Create a broken-link checker

This document describes how to configure a periodic test of the the links contained in a URI by creating a synthetic monitor. You specify the options for the test, such as the origin URI, the number of links tested, and the number of retries, and then deploy a preconfigured Cloud Run function. To support your troubleshoot and debug efforts, synthetic monitors save detailed information about each test, including screenshots. Screenshots let you view the exact response seen by the customers of your application.

To learn more about synthetic monitors, see About synthetic monitors.

About broken-link checkers

Each broken-link checker tests the links serially, and there is an overall synthetic timeout, which is configurable.

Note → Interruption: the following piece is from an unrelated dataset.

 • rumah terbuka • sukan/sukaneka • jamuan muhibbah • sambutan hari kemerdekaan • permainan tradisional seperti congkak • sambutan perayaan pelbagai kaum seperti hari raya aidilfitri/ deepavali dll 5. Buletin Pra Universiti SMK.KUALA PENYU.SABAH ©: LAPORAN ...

By default, a broken-link checker does the following:

  • Searches the origin URI for HTML anchor elements with href attributes.
  • Tests the first 10 links found on the origin URI.
  • For each link, the checker issues a request and then waits at most 30 seconds for a response. When a response is received, the checker verifies that the HTTP response status is 200, which indicates a successful response. The checker doesn't perform retries.

You specify the origin URI. You can configure which HTML elements that the broken-link checker searches for, the maximum number of elements tested, the per-test timeout, and whether retries are performed. You can also configure broken-link checkers to wait for a selector to appear.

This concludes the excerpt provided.